● PROBLEM TO WORK ON: Transcribe the following records exactly, images excluded.

** Opening RECORDS FOR THIS TASK block **

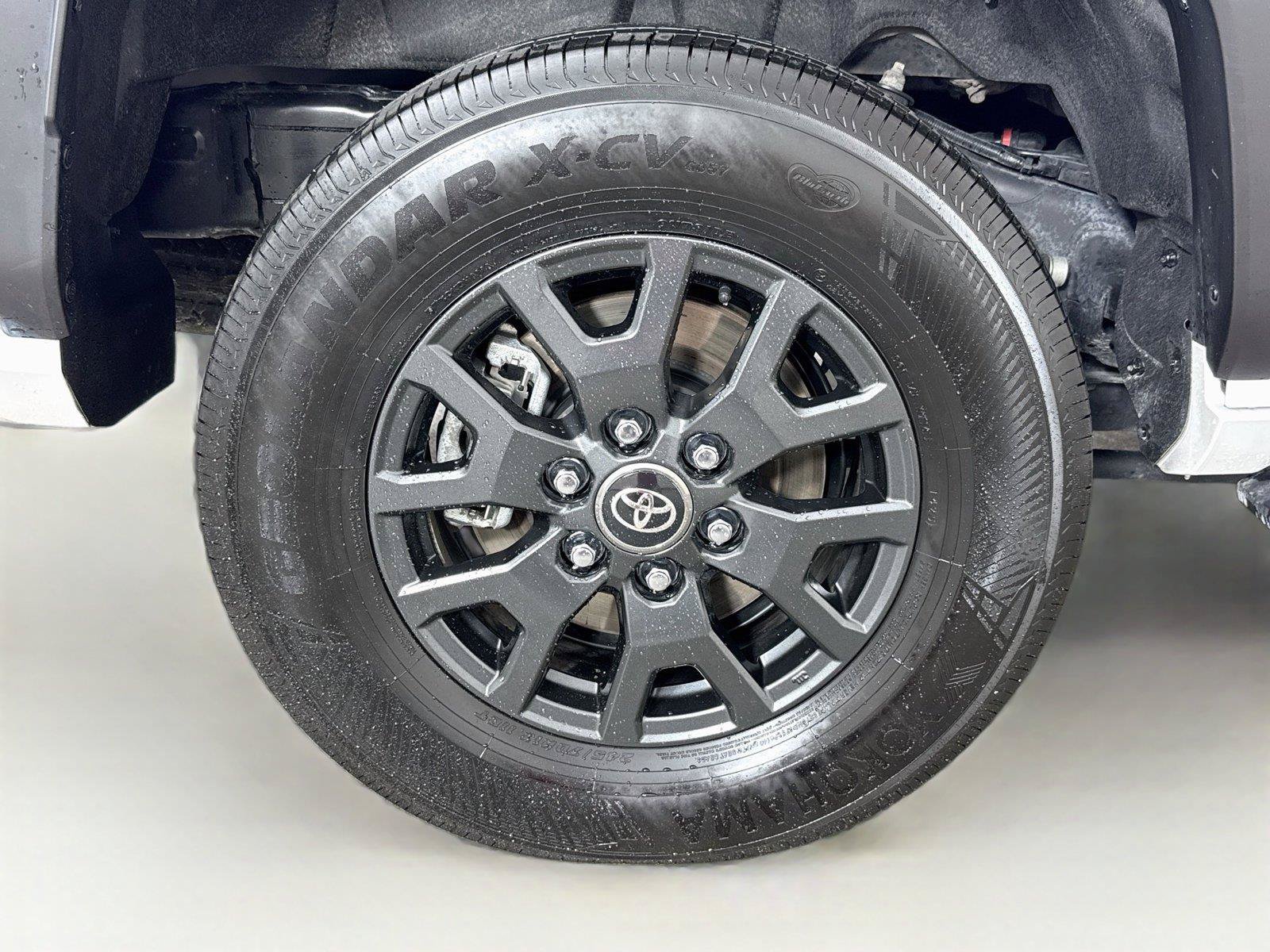 Used 2025 Toyota 4Runner SR5 AWD/4WD image 34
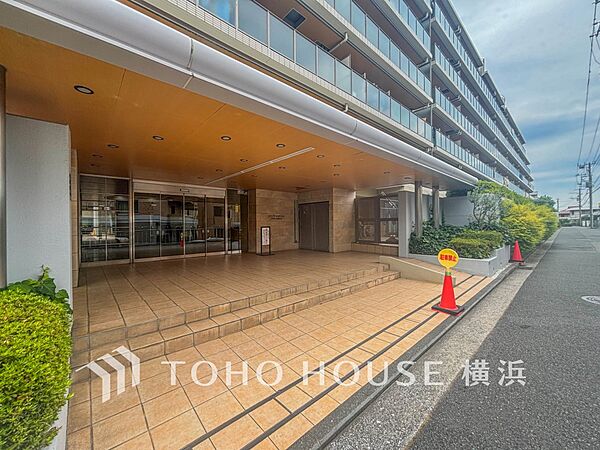 玄関を拡大表示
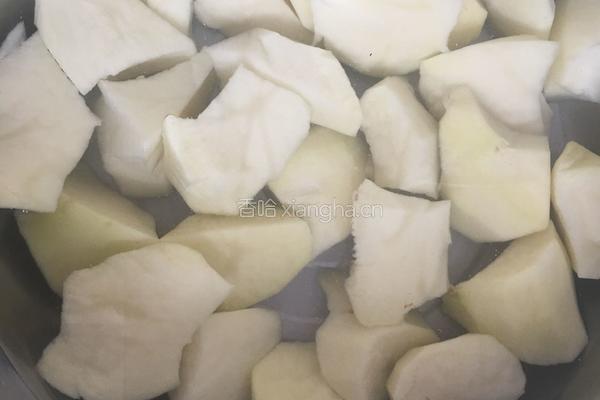 简易版鸡肉炖土豆～的做法图解2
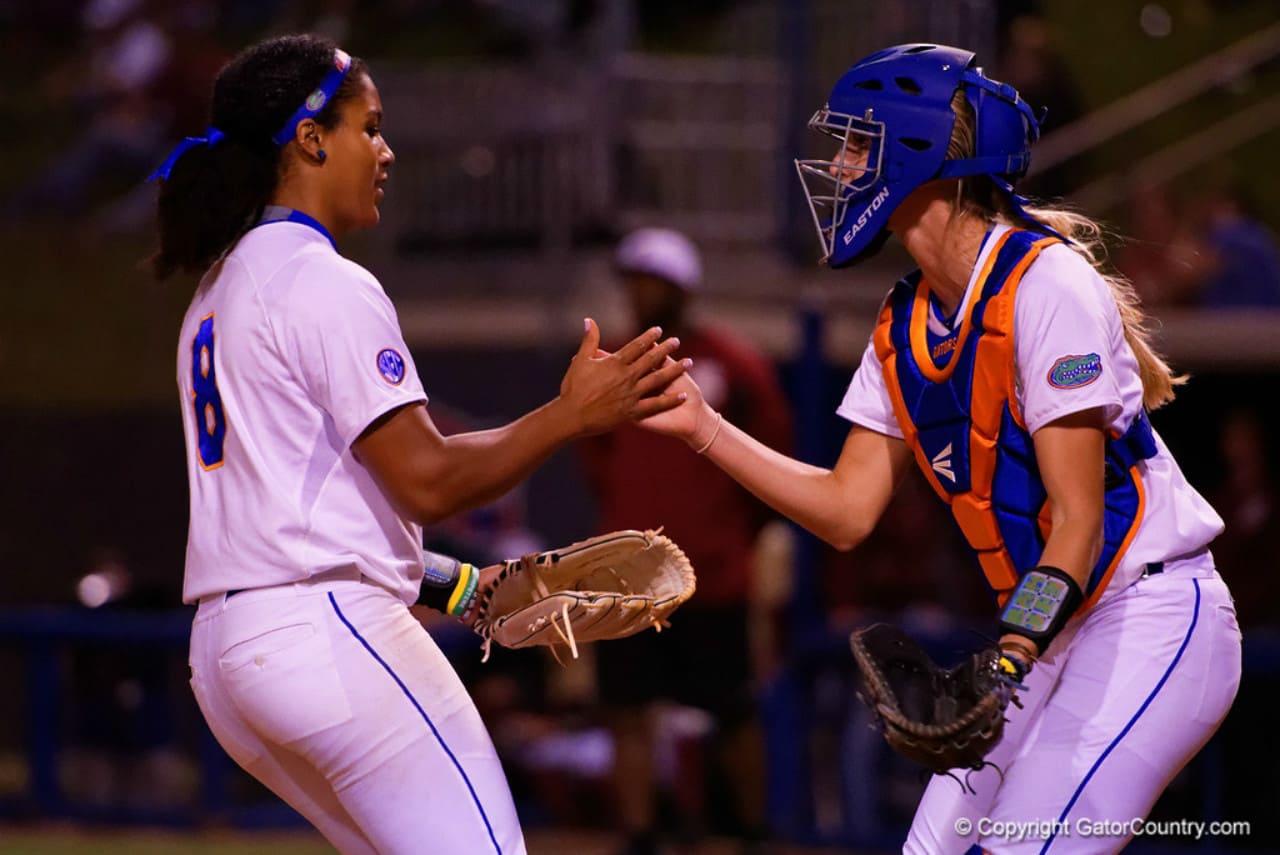 Florida Gators Softball Super Regional Series Preview GatorCountry Com   Florida Gators Softball Players Aleshia Ocasio And Aubree Munro In 2016 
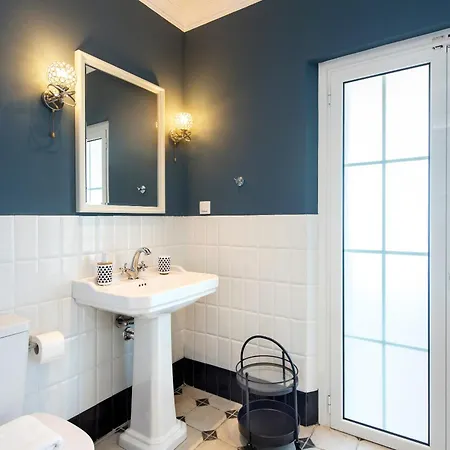 Nancy Luxury Apartament Kassiopi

** Closing RECORDS FOR THIS TASK block **

● FINAL ANSWER:
 Used 2025 Toyota 4Runner SR5 AWD/4WD image 34
 玄関を拡大表示
 简易版鸡肉炖土豆～的做法图解2
 Florida Gators Softball Super Regional Series Preview GatorCountry Com   Florida Gators Softball Players Aleshia Ocasio And Aubree Munro In 2016 
 Nancy Luxury Apartament Kassiopi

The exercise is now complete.